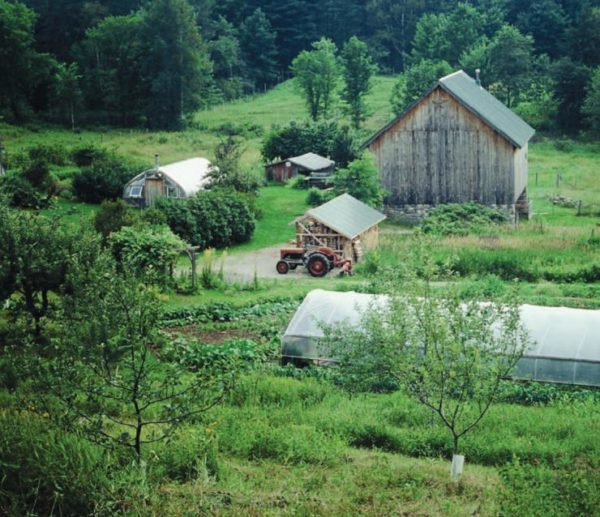 Holistic Orchard Intensive - Heartsong Farm Wellness Center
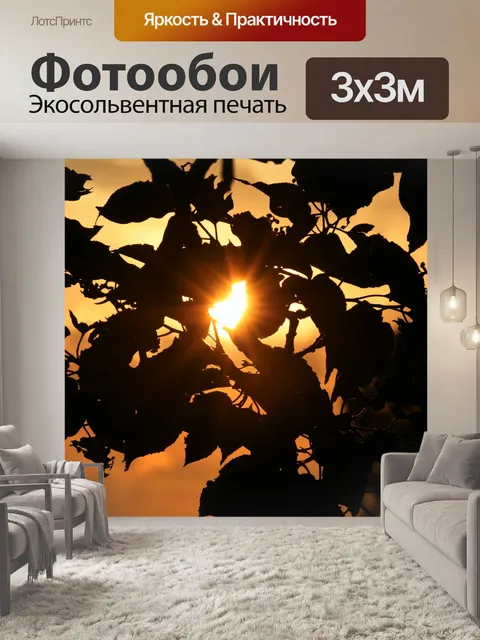 Фотообои Вспышка солнца через листву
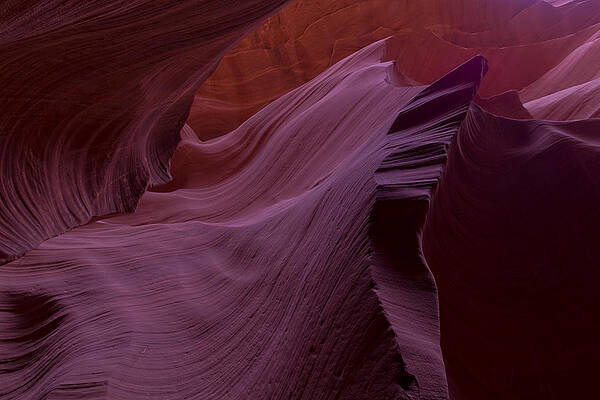 Wall Art - Photograph - The flow by Jonathan Davison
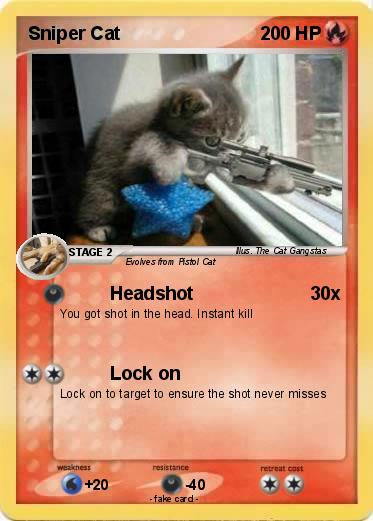 Pokemon Sniper Cat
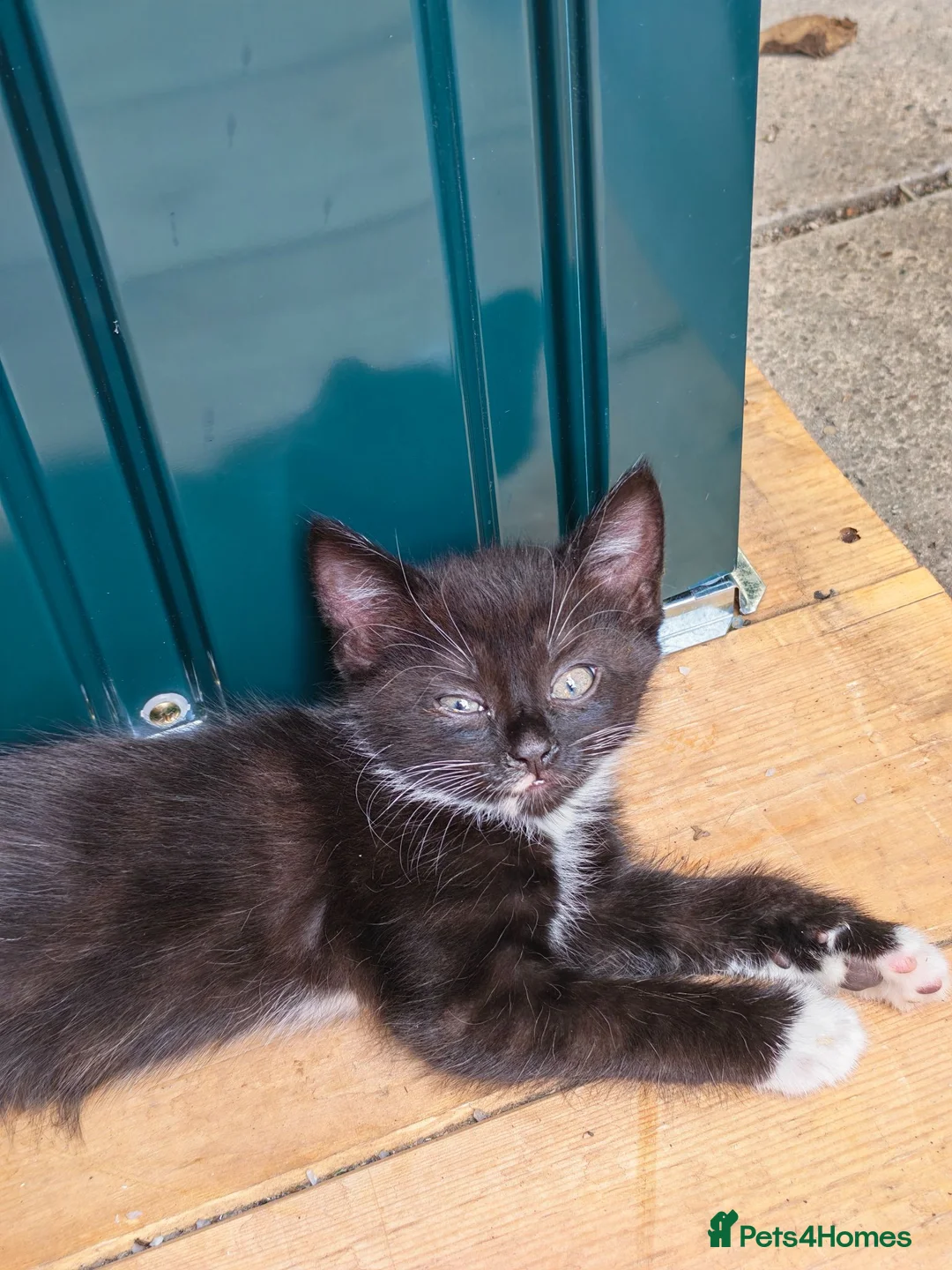 Mixed Breed cats for sale: Adorable Kittens Ready for Loving Homes ❤️ - Advert 2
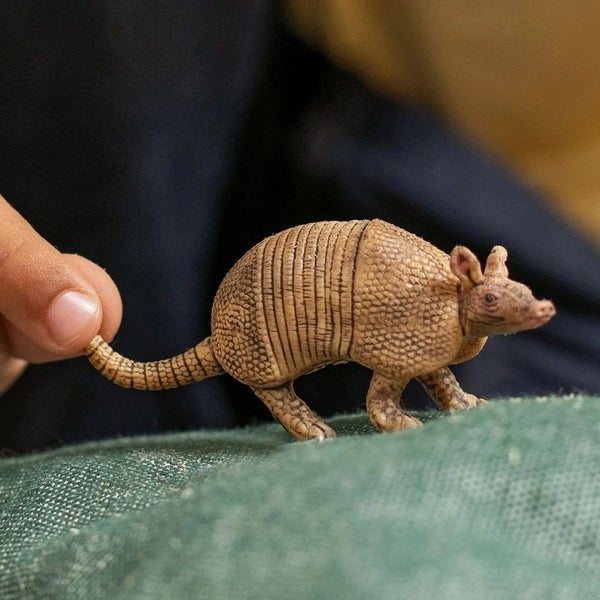 Schleich Wild Life - Armadillo Carousel 2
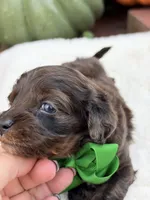 Green bow, a male Cavapoo for sale in Mayfield, KY – 10 of 10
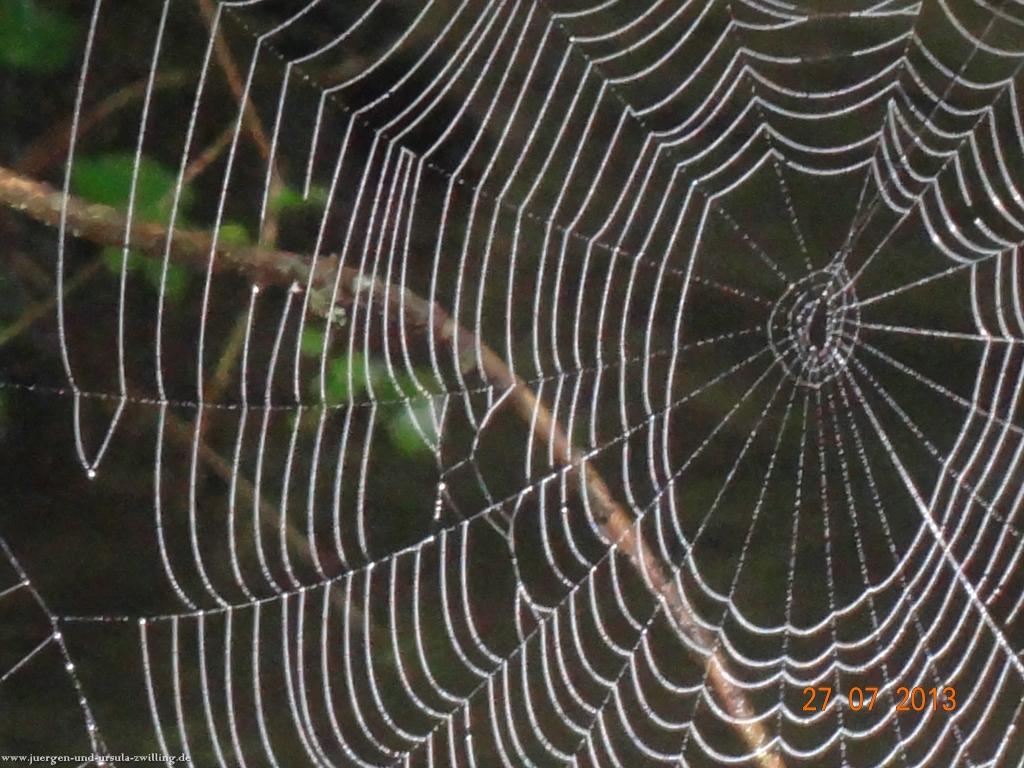 Philosophische Bildwanderung Traumpfad Koberner Burgpfad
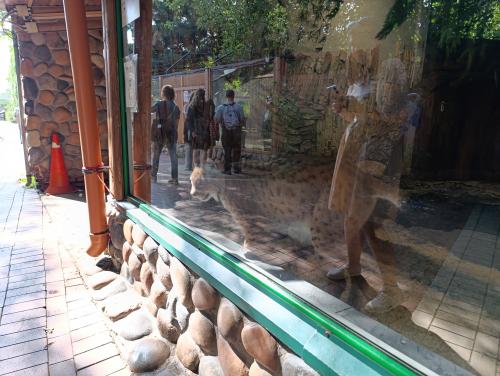 � ��������� ����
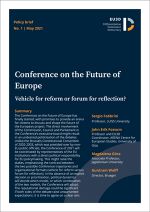 eu3d-policy-brief-1-may-2021-1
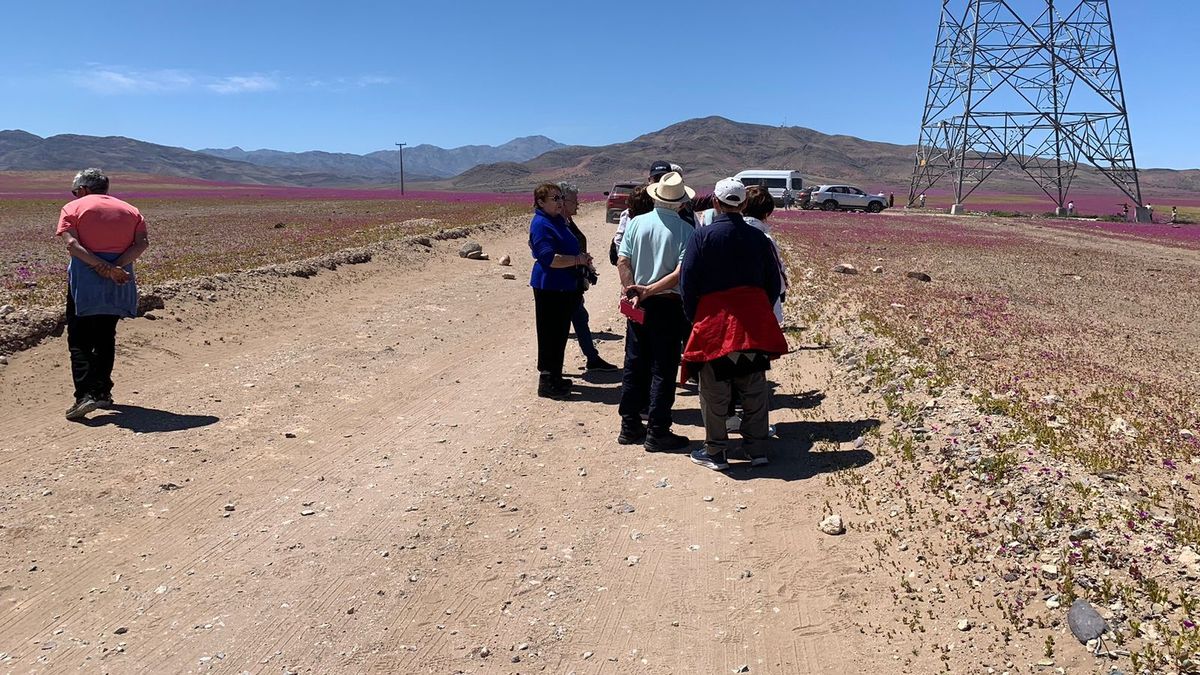 El desierto florido 2025 dejó maravillosas y coloridas postales en medio del Desierto de Atacama. El desierto florido 2025 dejó maravillosas y coloridas postales en medio del Desierto de Atacama.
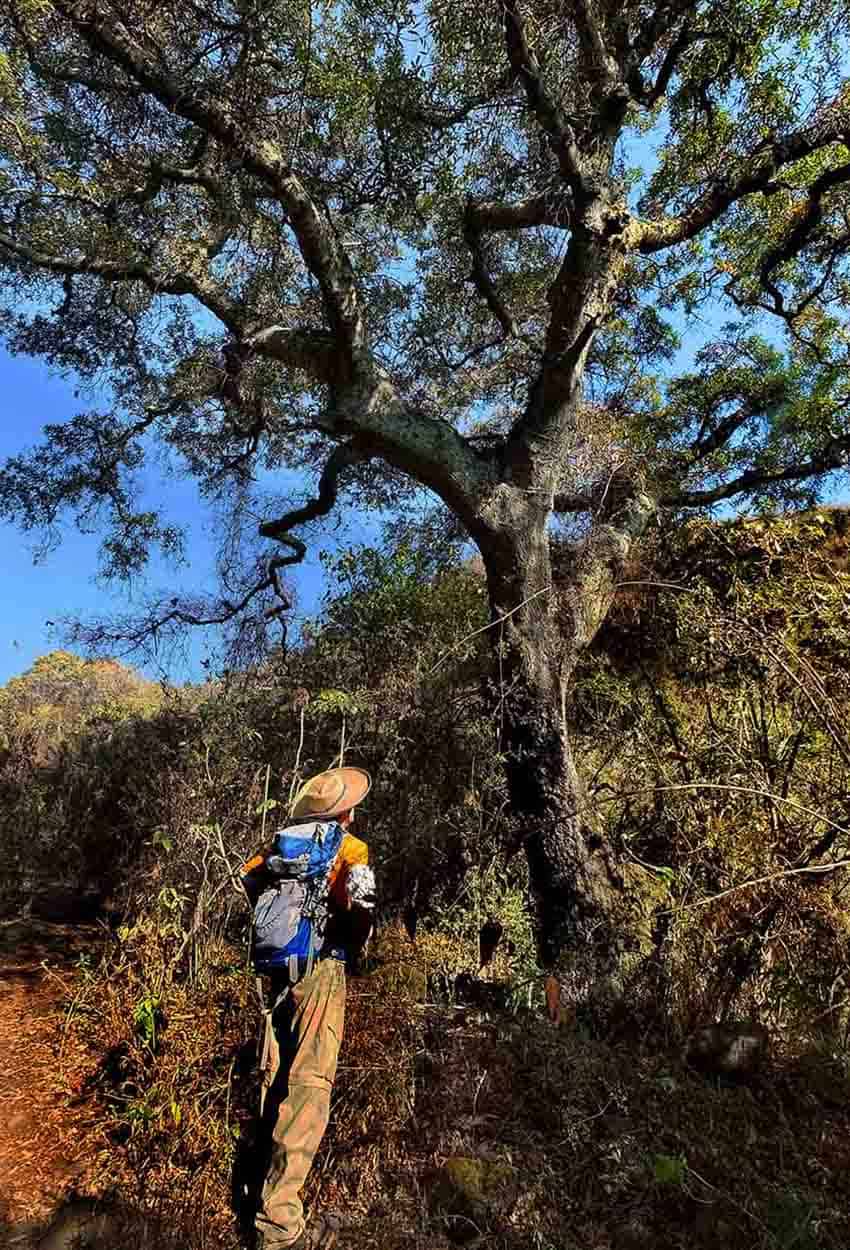 trail to the Mesa de Ocote, Lake Chapala hills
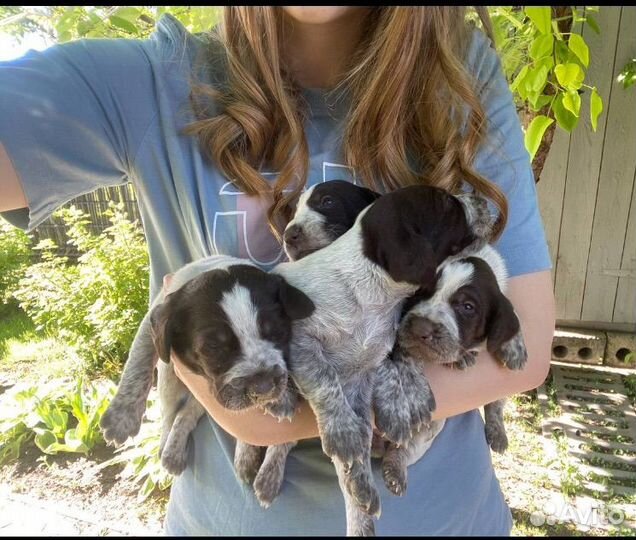 Щенки дратхаара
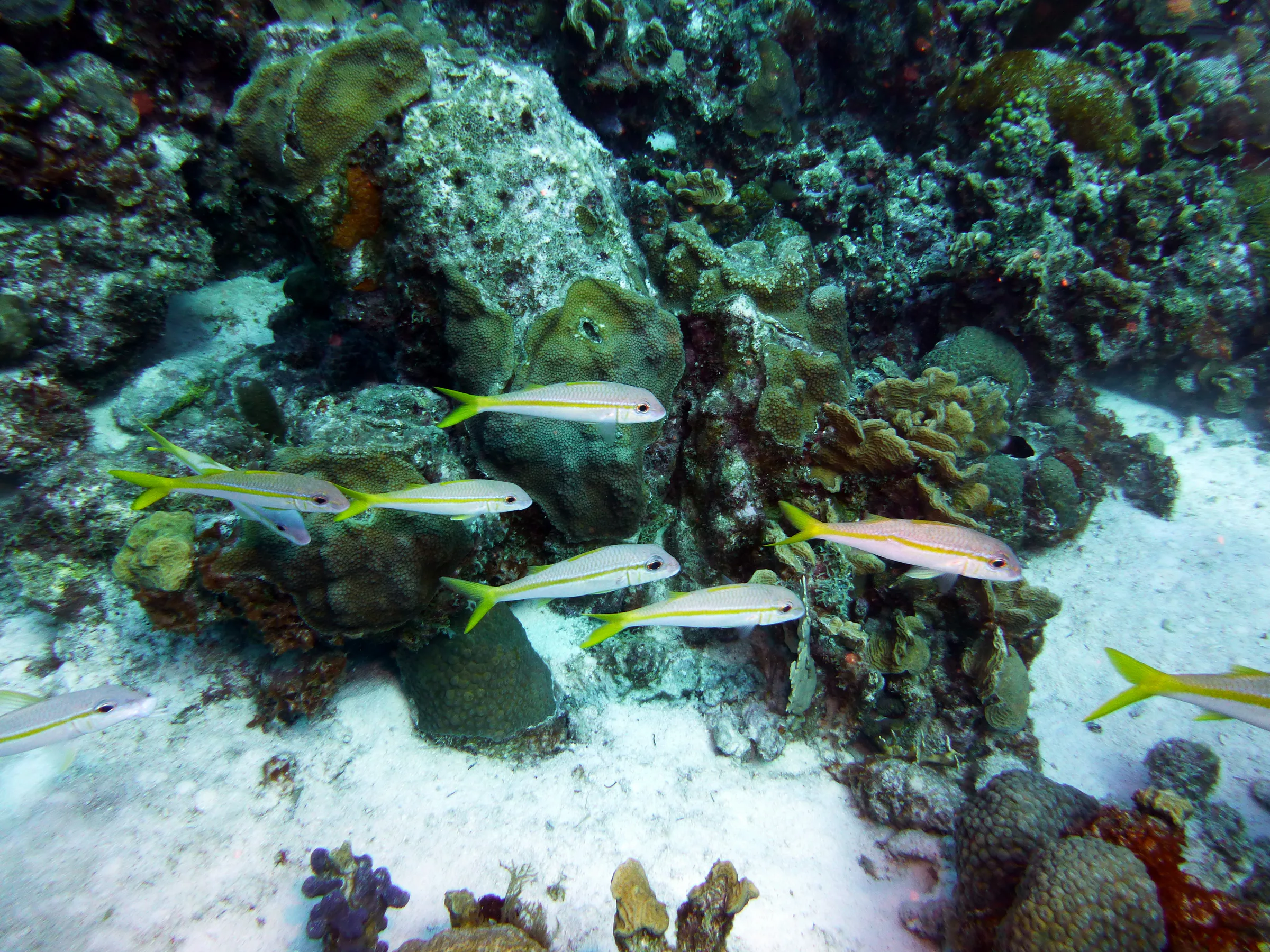 Grunt, Bonaire, 2013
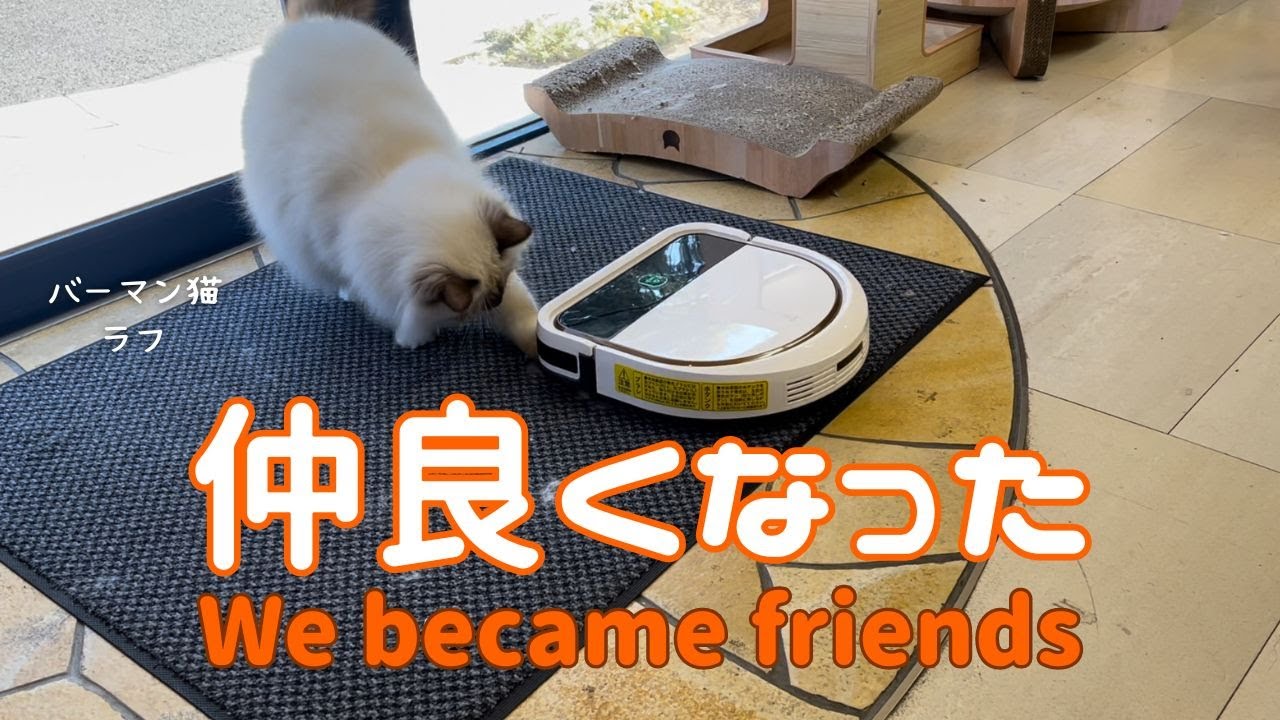 バーマン猫ラフ【仲良くなった】We became friends（バーマン猫）Birman/Cat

....

◆ To do ◆
Would you set down the records exactly, with no pictures included?

◆ Exercise output ◆
 Holistic Orchard Intensive - Heartsong Farm Wellness Center
 Фотообои Вспышка солнца через листву
 Wall Art - Photograph - The flow by Jonathan Davison
 Pokemon Sniper Cat
 Mixed Breed cats for sale: Adorable Kittens Ready for Loving Homes ❤️ - Advert 2
 Schleich Wild Life - Armadillo Carousel 2
 Green bow, a male Cavapoo for sale in Mayfield, KY – 10 of 10
 Philosophische Bildwanderung Traumpfad Koberner Burgpfad
 � ��������� ����
 eu3d-policy-brief-1-may-2021-1
 El desierto florido 2025 dejó maravillosas y coloridas postales en medio del Desierto de Atacama. El desierto florido 2025 dejó maravillosas y coloridas postales en medio del Desierto de Atacama.
 trail to the Mesa de Ocote, Lake Chapala hills
 Щенки дратхаара
 Grunt, Bonaire, 2013
 バーマン猫ラフ【仲良くなった】We became friends（バーマン猫）Birman/Cat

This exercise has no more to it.